La camiseta verde de los Springboks (el springbok es una gacela de las sábanas del África Austral) es el objeto fetiche sobre el que gira esta apasionante narración, la cual, como todo lo que en mi vida tiene que ver con unos tipos sudorosos que corren tras un balón, se sirve del deporte para hablar de la vida. No hay símbolo más repudiado por la comunidad negra de la nación, lo que supone hablar de más de un ochenta por cien de la República: ese equipo de rugby, formado tradicionalmente por blancos en exclusiva -no es extraño que a los negros les guste más el fútbol- es poco menos que la encarnación del espíritu de la minoría blanca del país... En pocas palabras, los Springboks no son el equipo del país, son el equipo de los afrikaners.

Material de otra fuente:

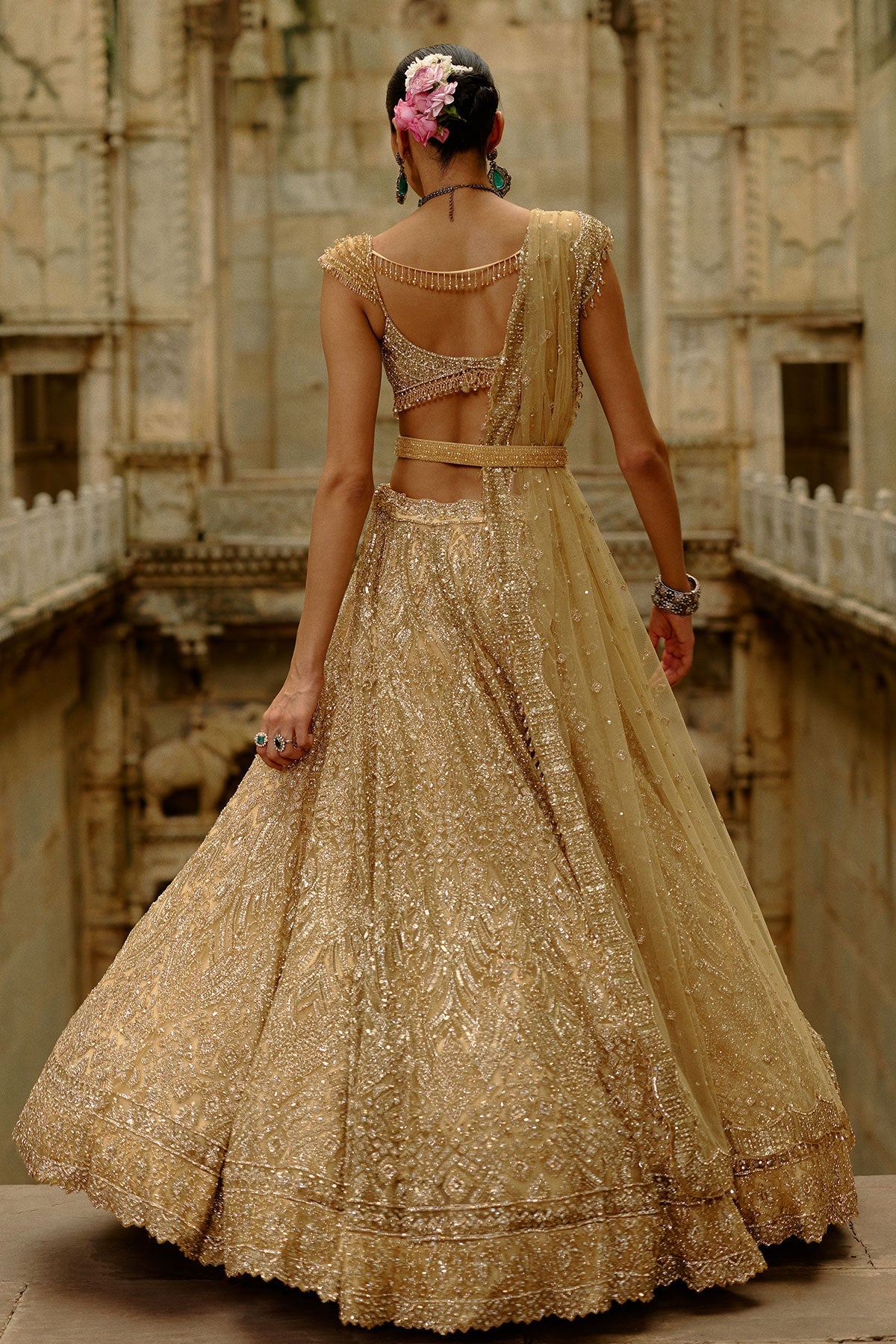 Gold Net Lehenga Set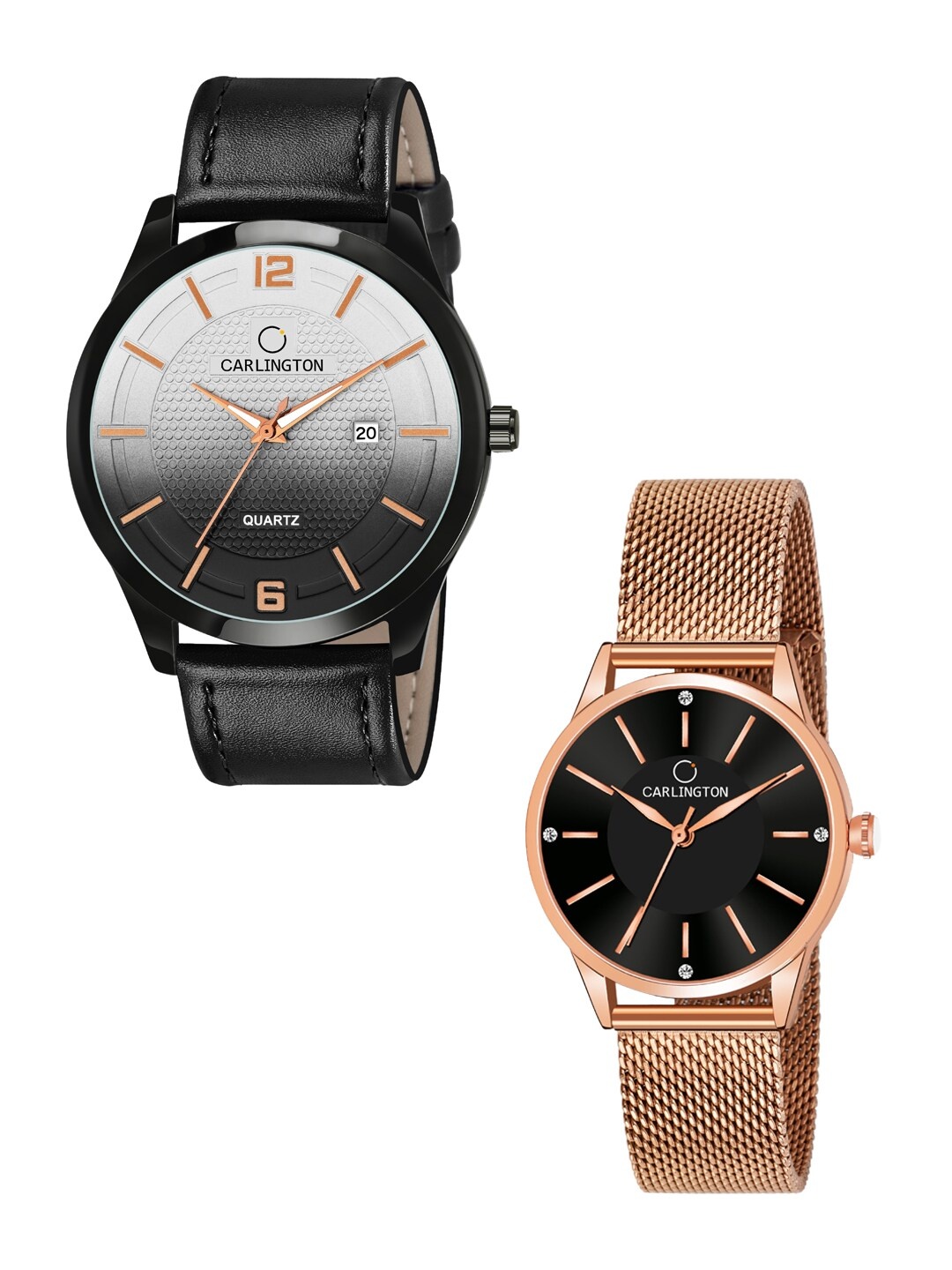 

CARLINGTON Unisex Black & Rose Gold Set Of 2 Watch Combo CT1010 Black - CT2004 Rose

Era tradición entre los negros no ver partidos de rugby más que para ponerse a favor del equipo que en ese momento se batiera contra la camiseta verde. Se sabe que aquel prisionero 466/64 acudía a ver por la tele los partidos de los springboks para celebrar la victoria de sus rivales, lo cual explica la perplejidad de sus millones de votantes, e incluso de sus colaboradores más cercanos, cuando optó, a poco de subir al poder y en vísperas del Mundial del que la República iba a ser anfitriona, por convertir a la selección en símbolo de la nueva Sudáfrica libre. Llamó a Pienaar, jugador-entrenador y estrella de un equipo que había cogido cierta fama de perdedor en los años anteriores- y le pidió que ganará el mundial. No esperaba un simple éxito deportivo, Mandela necesitaba que los Springboks fueran campeones del mundo para apuntalar su gran obra política: la reconciliación nacional. Aquella actitud resultó incomprensible para muchos, como lo fue el que el nuevo Presidente no iniciara su mandato eliminando a todas los cargos blancos de un plumazo, lo que se esperaba, no ya por venganza, sino por la evidencia de que le serían hostiles. Pero Madiba, en el momento de mayor influencia sobre los suyos, convenció al parlamento de que había que apoyar a la selección de rugby. Inicialmente, cuando se dejaban ver por las calles, solo Chester -el único negro del equipo- recibía la admiración de la gente... Al empezar el campeonato y a medida que Sudáfrica iba ganando partidos, y cuando, sobre todo, se vio que el Presidente saltaba alborozado en la grada con cada ensayo de los verdes, la nación cambió drásticamente de actitud y se alió con la selección, convirtiéndo a la gacela, por fin, en la encarnación del espíritu de la nueva nación.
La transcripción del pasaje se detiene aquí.